═════ Data to process
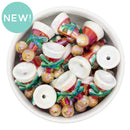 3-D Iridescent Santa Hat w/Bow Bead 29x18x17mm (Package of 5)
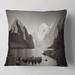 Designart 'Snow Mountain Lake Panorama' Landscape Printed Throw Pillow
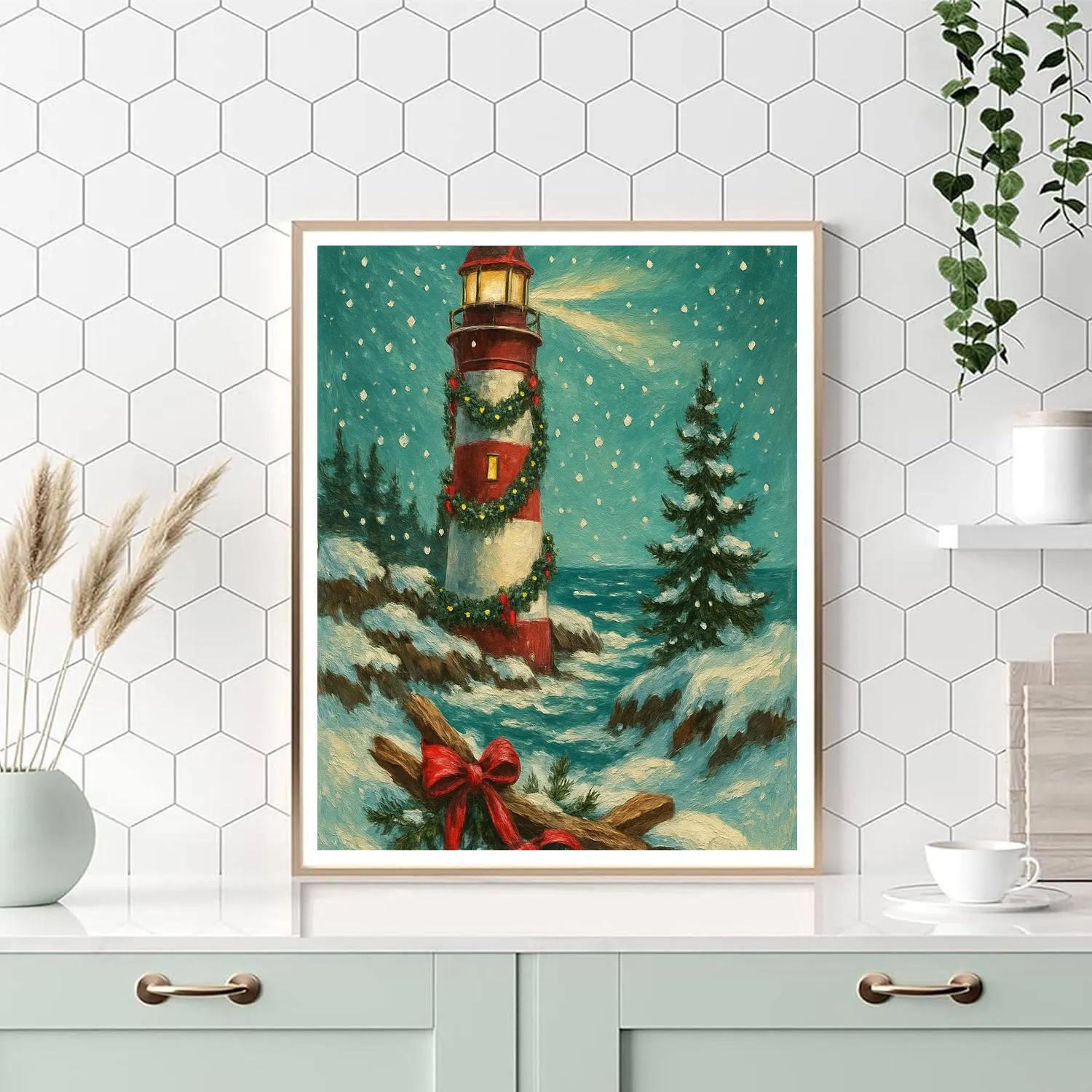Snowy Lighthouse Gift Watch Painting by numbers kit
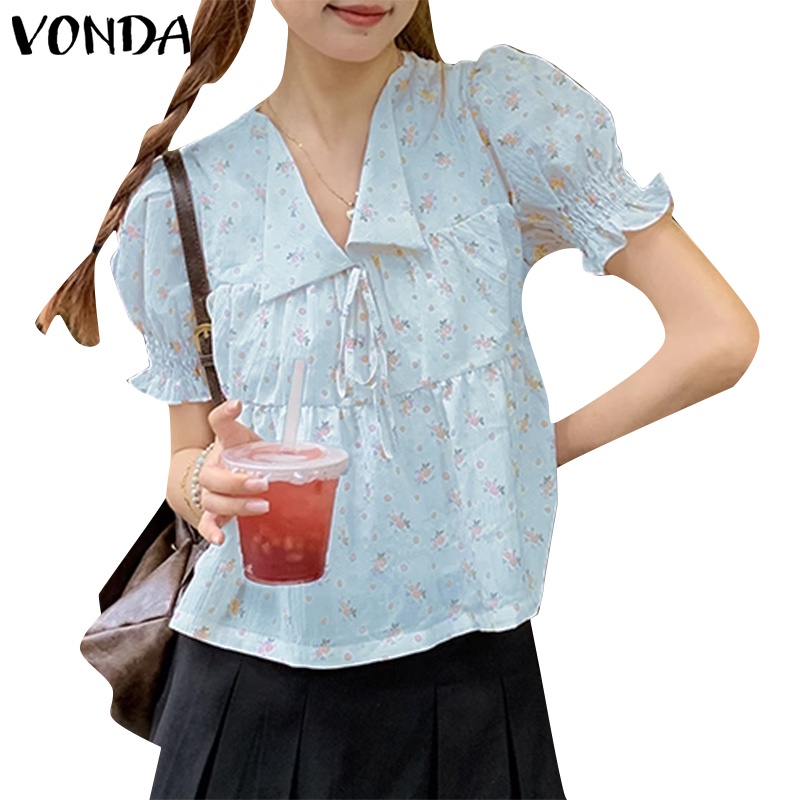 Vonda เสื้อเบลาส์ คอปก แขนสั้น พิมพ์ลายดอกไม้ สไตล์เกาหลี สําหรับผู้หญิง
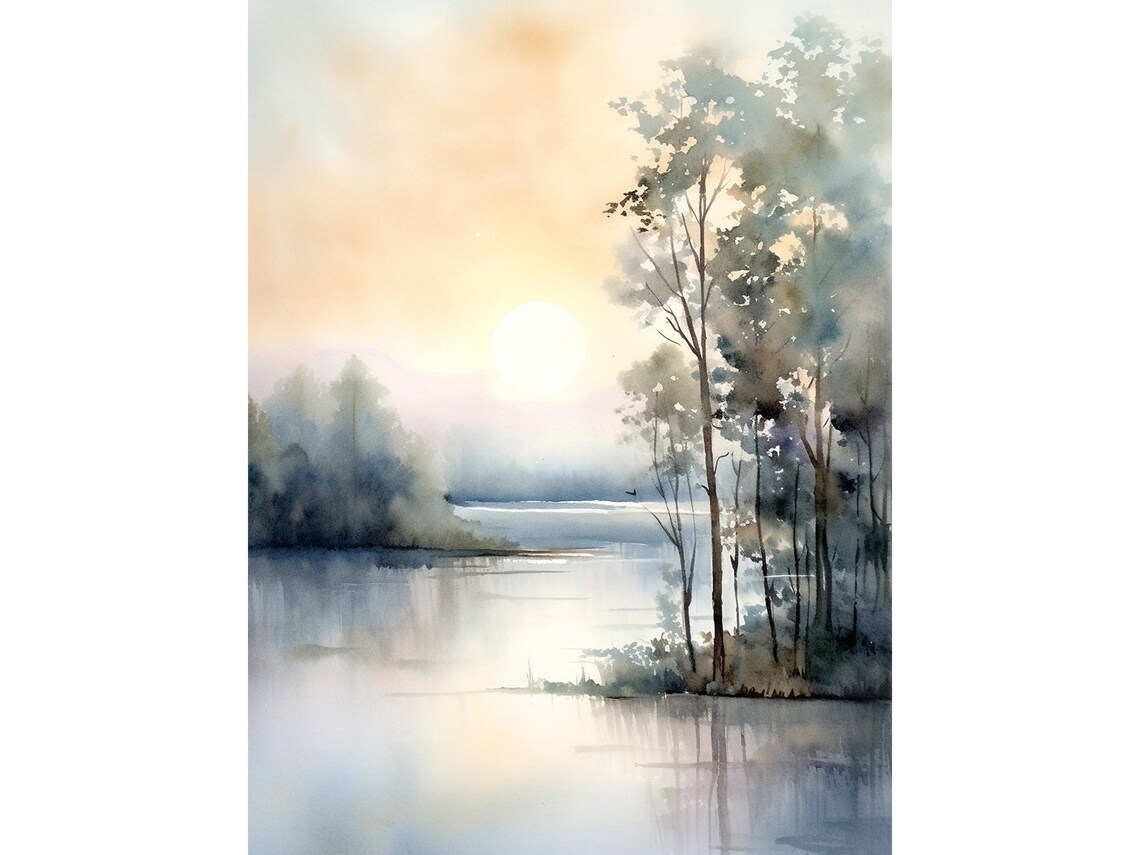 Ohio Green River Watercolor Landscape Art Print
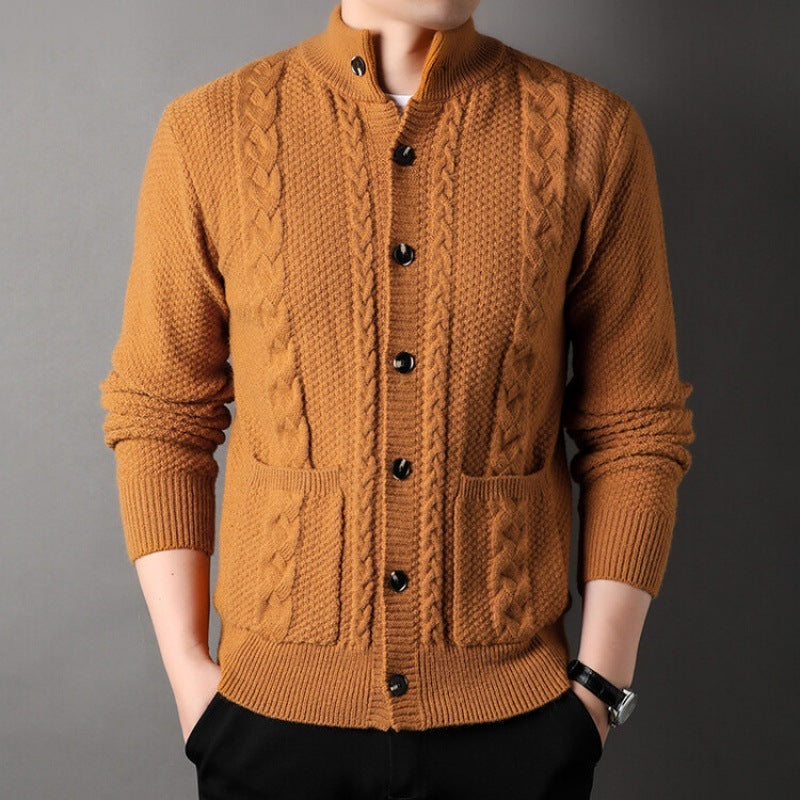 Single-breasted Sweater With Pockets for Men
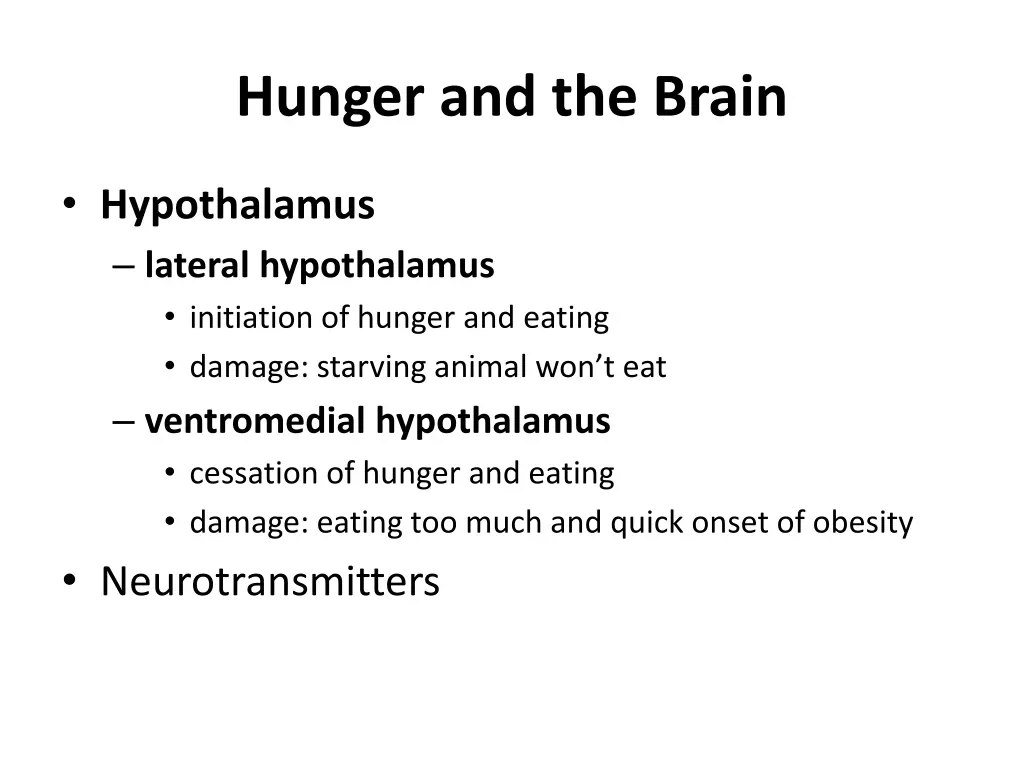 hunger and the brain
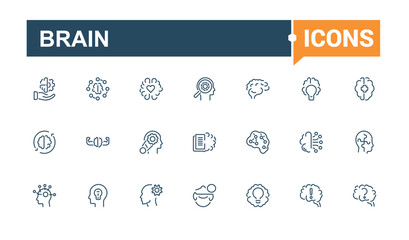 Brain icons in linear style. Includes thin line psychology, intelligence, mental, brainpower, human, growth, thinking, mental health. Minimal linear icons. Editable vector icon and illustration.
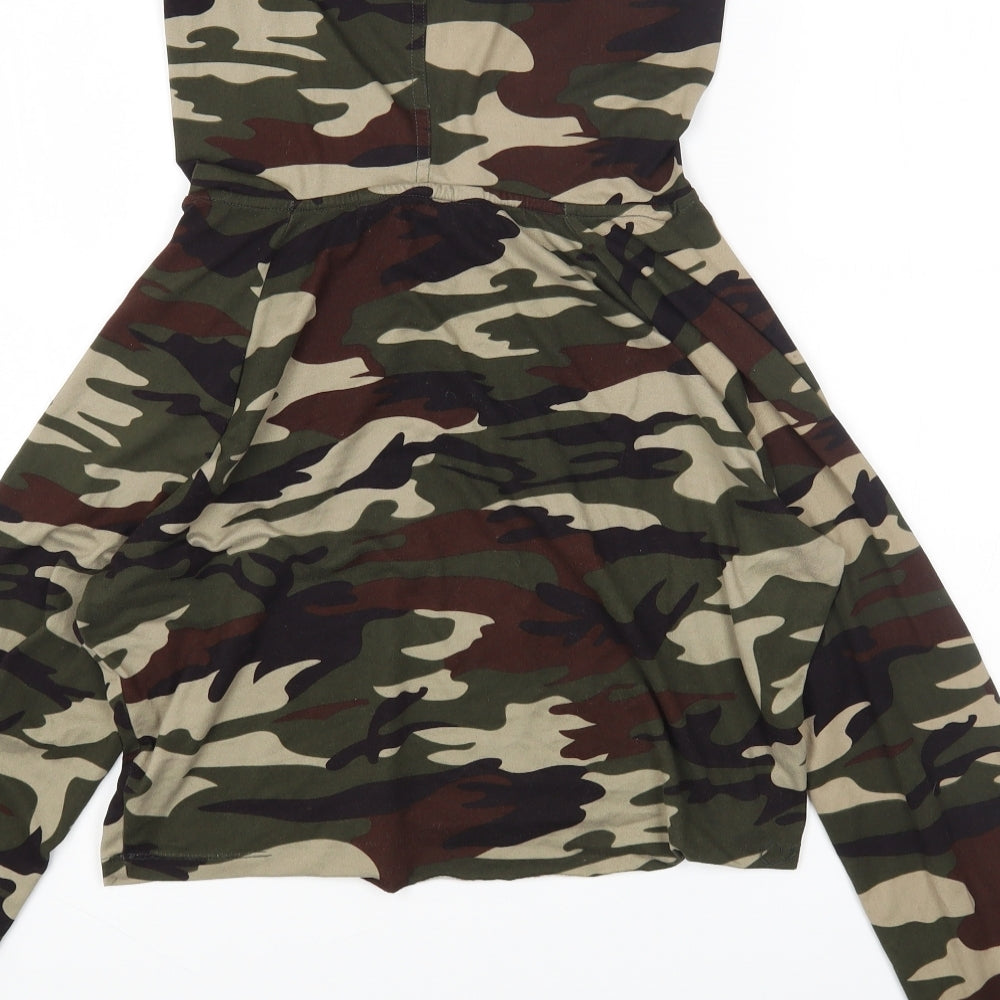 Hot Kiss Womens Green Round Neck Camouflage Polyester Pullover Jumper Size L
══════════
■ What you have to do ■
Every record must be returned exactly. Leave its pictures out.

■ Expected output ■
 3-D Iridescent Santa Hat w/Bow Bead 29x18x17mm (Package of 5)
 Designart 'Snow Mountain Lake Panorama' Landscape Printed Throw Pillow
Snowy Lighthouse Gift Watch Painting by numbers kit
 Vonda เสื้อเบลาส์ คอปก แขนสั้น พิมพ์ลายดอกไม้ สไตล์เกาหลี สําหรับผู้หญิง
 Ohio Green River Watercolor Landscape Art Print
 Single-breasted Sweater With Pockets for Men
 hunger and the brain
 Brain icons in linear style. Includes thin line psychology, intelligence, mental, brainpower, human, growth, thinking, mental health. Minimal linear icons. Editable vector icon and illustration.
 Hot Kiss Womens Green Round Neck Camouflage Polyester Pullover Jumper Size L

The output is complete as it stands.